La réincarnation de Captain America
Cette manière de raconter Falcon, Captain America et plus largement les super-héro·ïne·s de Marvel rappelle terriblement l’analyse de Ta-Nehisi Coates, qui avait profité de l’occasion de pouvoir écrire les comics Captain America pendant un certain temps pour raconter la dimension extrêmement politique et problématique d’un tel personnage, mais aussi le décalage important entre les valeurs promues et la réalité des États-Unis. Publié en édition Deluxe depuis le 1er avril par Panini Comics, le run de Ta-Nehisi Coates vous est d’ailleurs chaudement recommandé. Car un Captain America noir pose énormément de questions, c’est la remise en cause d’un symbole qui est soudainement incarné par un homme dont la couleur de peau suffit à être la cible de la police sans aucune raison. Une couleur qui souffre d’un racisme institutionnel, jusqu’à ce qu’une question se pose : peut-il et veut-il porter le symbole d’un pays qui oppresse sa communauté depuis toujours ? Si la série ne répond pas frontalement à cette question, préférant citer l’espoir, elle utilise tout de même habilement ces questions jusqu’à devenir extrêmement politisée, quitte à laisser définitivement sur le bord de la route des fans de l’univers Marvel qui ont déjà tapé des crises sur les films Black Panther et Captain Marvel. Et plus que Falcon, le Soldat de l’hiver est lui aussi au centre de ces questions sociales, puisqu’il incarne le destin de tous ces soldats abandonnés par le système, brisés, malgré les grands discours de dirigeants qui vantent sans cesse leur armée. Un soutien qui ne compte que tant qu’elle est en opération pour ses propres intérêts.
Alors tout n’est pas parfait dans Falcon et le Soldat de l’hiver, j’ai intentionnellement insisté sur sa dimension politique tant elle donne une force inattendue à la série, bien qu’elle se rate souvent sur des questions plus techniques : les scènes d’action sont le plus souvent misérables, la mise en scène inégale et le final n’est pas des plus réussis, mais il y a un cœur, une volonté et des ambitions qui dépassent largement le simple cadre d’une série de super-héro·ïne·s.

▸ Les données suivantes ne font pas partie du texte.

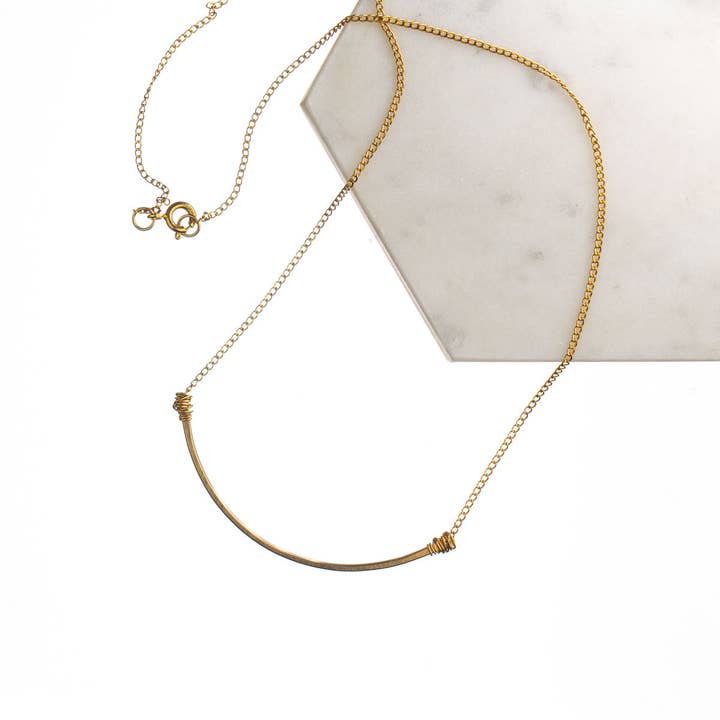 Curved Bar Necklace for wholesale by Niyol Jewelry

Il y a peut-être, là-dedans, une meilleure compréhension de ce que peuvent faire, raconter et provoquer les comics, que dans la plupart des œuvres de l’univers cinématographique Marvel. Et en ce sens, cela devient un indispensable, quitte à lui pardonner ses écarts et ses ratés.
- Falcon et le Soldat de l’hiver est disponible sur Disney+ depuis le 19 mars 2021.